EDITOR’S NOTE: The following is an extract from Catching Christmas, by Lori Borgman (Good Cheer Press, 2008).

Walter

Walter Hawkins had taken his eyes off the road for two seconds, maybe three, when his front right tire glanced off the curb. He jerked the steering wheel hard to the left, and in the process sent an adrenalin rush through the driver in the car next to him, who instinctively laid on her horn.            

Walter glanced at the driver. Spiked hair, multiple piercings, and a bobble-head Santa shaking on the dashboard. Looked like the type that might or might not have a small handgun on the seat beside her. Walter was about to make one of those apologetic nods drivers make when they know they’ve done something stupid and are profoundly grateful it didn’t result in an accident, when the driver smacked her thumb and index finger, shaped like the letter L, to her forehead and mouthed a word Walter could clearly make out as “LOSER!” She surged ahead with Santa’s oversized head bobbing wildly and leaving Walter in a putrid cloud of exhaust.

He began searching again, but this time keeping one hand on the wheel and both eyes on the road. He rummaged through a pile on the passenger seat — loose papers, file folders and an empty sack from Freddy’s Fried Chicken. He stretched his arm, reached into the glove box and gave it a good ransacking, but no go. He popped open the console between the driver’s seat and the passenger seat and dug around in there. Christmas CDs, straws, gloves, salt and ketchup packets, napkins — bingo — sunglasses.

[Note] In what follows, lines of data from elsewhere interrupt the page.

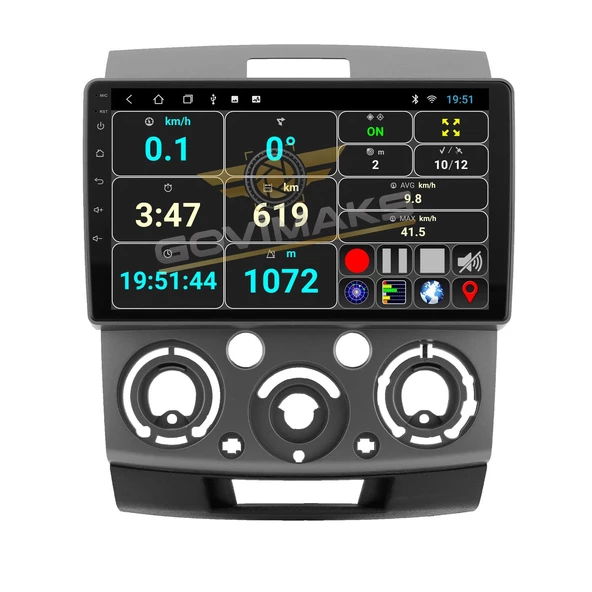 MAZDA BT-50 2006-2010 UYUMLU 8 GB RAM 128 GB HAFIZA ANDROID MULTIMEDIA TEYP - Resim 9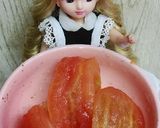 リカちゃん♡湯剥きトマトバジルソースかけ作り方6写真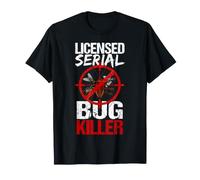 Licensed Serial Bug Killer Vintage Exterminator Target T-Shirt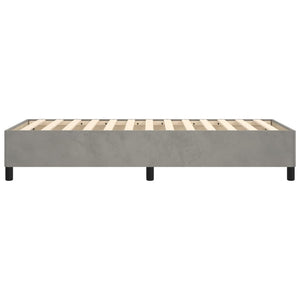 Boxspringbettgestell Hellgrau 100x200 cm Samt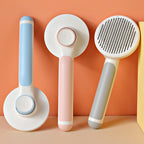 Self-cleaning slicker brushes for pets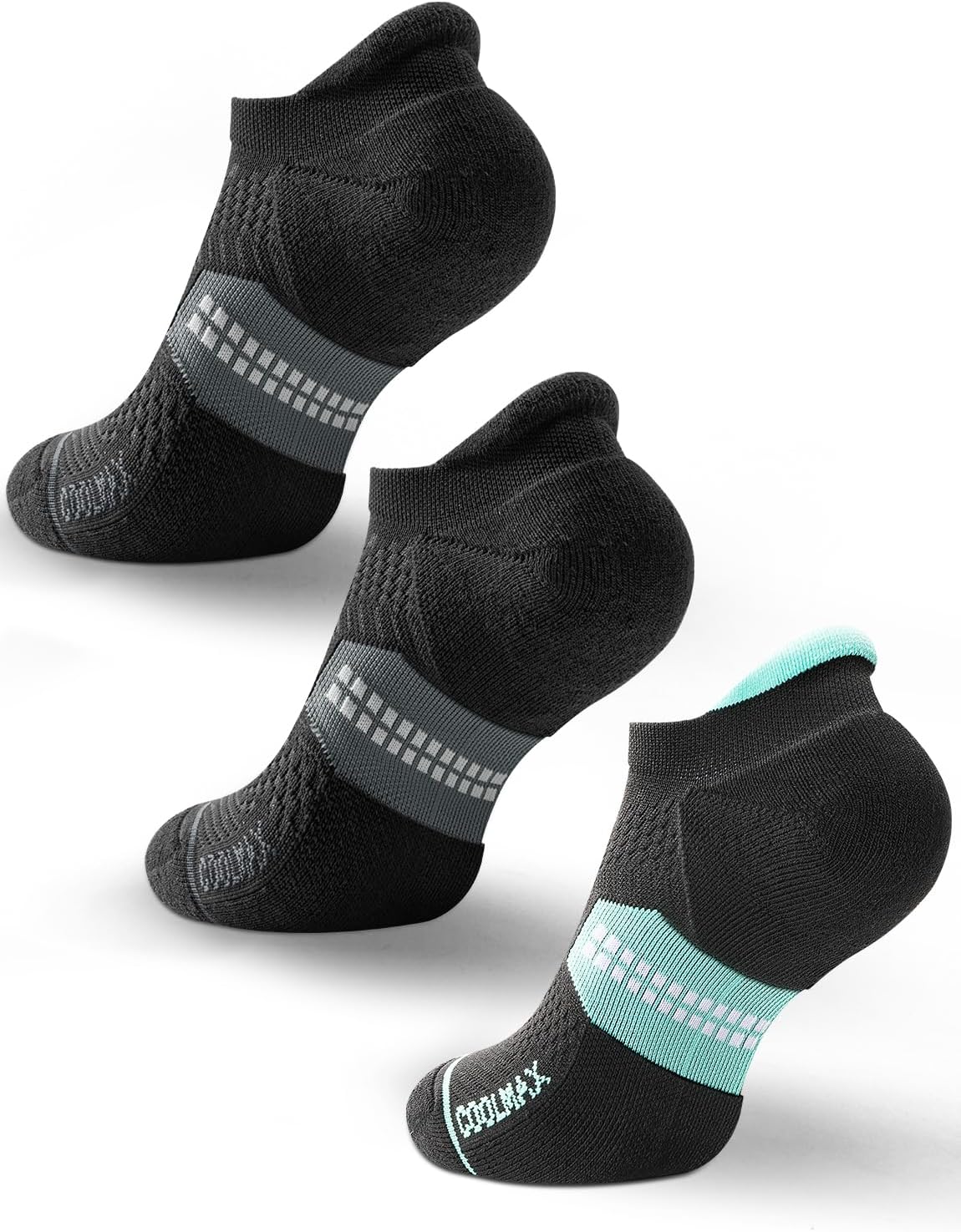 Detalle de Calzini da corsa invisibili in compressione 15-20 mmHg Coolmax Bamboo da donna Juclise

No wonder he had a hard time finding them. It had been ages since he’d needed his sunglasses. Ever since Thanksgiving it had been the Twelve Days of Darkness. For nearly two weeks, people had plodded through their daily routines beneath low-lying clouds that looked like dryer lint suspended from the sky. Today, all that had changed. This morning the sun burst through the clouds, turning the sky a glorious pink and orange. The glare of the sun was nearly blinding. It was hard going for Friday morning commuters headed east.

Walter enjoyed the drive to the Cypress Academy. He had been a commuter in D.C. before his recent move. He and his family had lived in one of those satellite suburban communities that ring the capital. It was a newer neighborhood where all the houses on all the streets in the entire subdivision looked exactly alike, were it not for two small details. One, each homeowner expressed individuality in the choice of color for the shutters, and secondly, the builder had flipped the floor plan on every third house. Each and every house sat on a postage-size lot and sold for three times what it would have in the rest of the country, California excluded.

In D.C., Walter would have driven ten minutes to the train station, parked the car, taken a twenty-five minute inbound train, then walked another ten minutes from the station to the office. Roughly fifty-five minutes one way; nearly two hours round trip; ten hours a week, forty hours a month, 480 hours a year. Walter had a thing for numbers. Numbers and efficiency.

Walter’s work in D.C. had involved appropriating monies to organizations across the country, from day care centers to homeless shelters, and assorted groups that served as putty in the cracks through which the lost and forgotten often slipped. His specialty, however, was schools — urban partnerships hammered out between faith-based groups, private organizations and corporate sponsors. All in all, it was a rewarding job. Or at least he told people it was.